Preparing without panicking
The spec isn't final. W3C says Candidate Recommendation is 2027 at the earliest, full Recommendation likely 2028–2030. You have time. But "wait and see" is a trap if you're building or refactoring a design system today, because retrofitting contrast-aware tokens into an existing architecture is significantly harder than designing them in from the start.
Four things worth doing right now:
Dual-audit your palette. Run existing tokens through both WCAG 2.x ratios and APCA Lc values. Flag every combination where results diverge — those are your migration risks. The SAPC-APCA npm package makes this scriptable in CI.
Add font context to token docs. Even if you don't restructure tokens yet, start documenting which sizes and weights each color is validated for. This metadata costs nothing now and saves weeks during migration.

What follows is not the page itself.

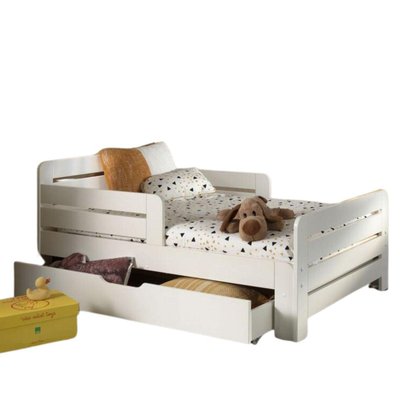 Lit evolutif pour enfant Jumper + Tiroir de lit + Matelas VIPACK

Watch the April timeline. The AG Working Group is publishing a projected WCAG 3 timeline this month. That'll signal how fast Bronze conformance claims become meaningful in procurement contracts and legal contexts — which is what actually forces organizational adoption.
Don't drop WCAG 2.x compliance. APCA is the future, but 2.1 AA is the present legal standard in most jurisdictions. Run both checks during the transition period. Passing APCA while failing 2.x ratios won't help you in court.
The real shift underneath
Design systems sold accessibility as a solved problem — pick from the approved palette, drop it into Figma, ship. WCAG 3 and APCA reintroduce nuance that the old binary system papered over. Contrast depends on context now, which is messier but more honest about how humans actually read screens. The tooling will catch up. Figma plugins that score APCA are already appearing. Style Dictionary transforms can generate weight-aware token sets from a single source. But the conceptual shift — from "this color is accessible" to "this color is accessible at this size and weight" — that's on you to internalize before the spec lands.